An important confound of the behavioural GPIAS test is that interventions that are known to induce tinnitus may also cause hearing loss. Lobarinas et al. (2013) demonstrated that simulating hearing loss in animals can result in false positives in the GPIAS test, as startle amplitudes are reduced (for a review of hearing loss and the GPIAS test, see Galazyuk & Hebert, 2015). However, although we found that hearing loss was present in GPs in this study, startle amplitudes were in fact increased following salicylate administration, consistent with the results of other studies (Sun et al., 2009; Chen et al., 2013). Furthermore, the clearest deficit in behaviour was evident for BBN stimuli, and we found that there were no clear changes in ABR amplitudes for BBN (click) stimuli. Therefore, this confound should not have affected interpretation of the data presented here, although this is nonetheless an important consideration when attempting to induce tinnitus with noise exposure, which may cause a significant decrease in startle response amplitudes.

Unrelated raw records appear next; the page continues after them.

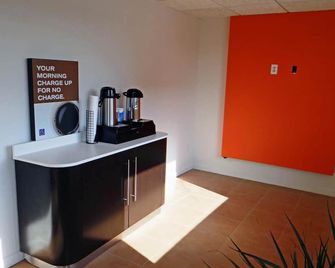 Motel 6 Baltimore Downtown - Baltimore - Lobby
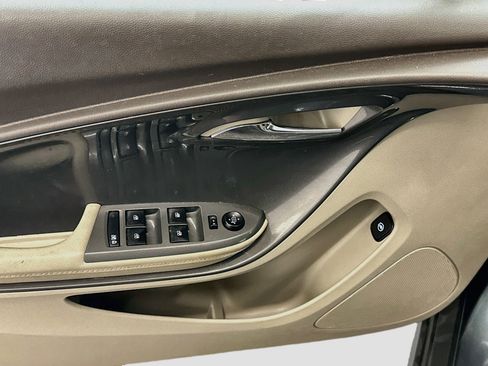 Used 2013 Chevrolet Volt FWD image 15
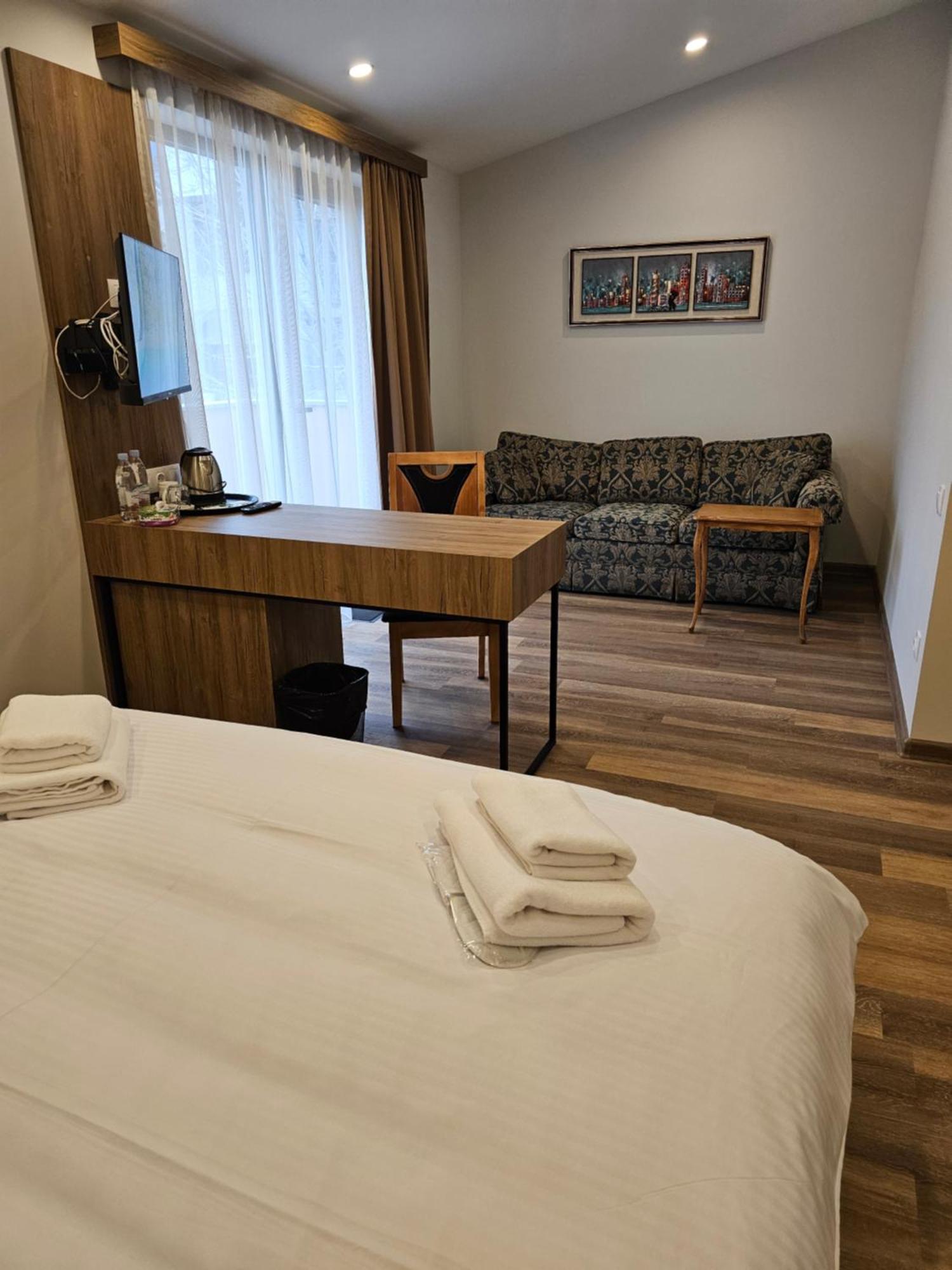 Hotel Avenue 30 يريفان المظهر الخارجي الصورة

Neural activity recorded here following salicylate administration suggests that there are fundamental changes that could give rise to the presence of tinnitus. Importantly, there is evidence that indicates hyperacusis‐like effects are present and measurable in animals – namely, increases in evoked auditory potentials and increases in startle response amplitudes. Hyperacusis is a common comorbidity in patients with tinnitus, with one study suggesting that it is present in up to 86% of cases (Anari et al., 1999). Despite this, it is an often overlooked issue in research (Moller et al., 2015). Further understanding the mechanisms that give rise to such a phenomenon may elucidate changes that also underlie the presence of tinnitus.

Conflict of interests

The authors declare no competing financial interests.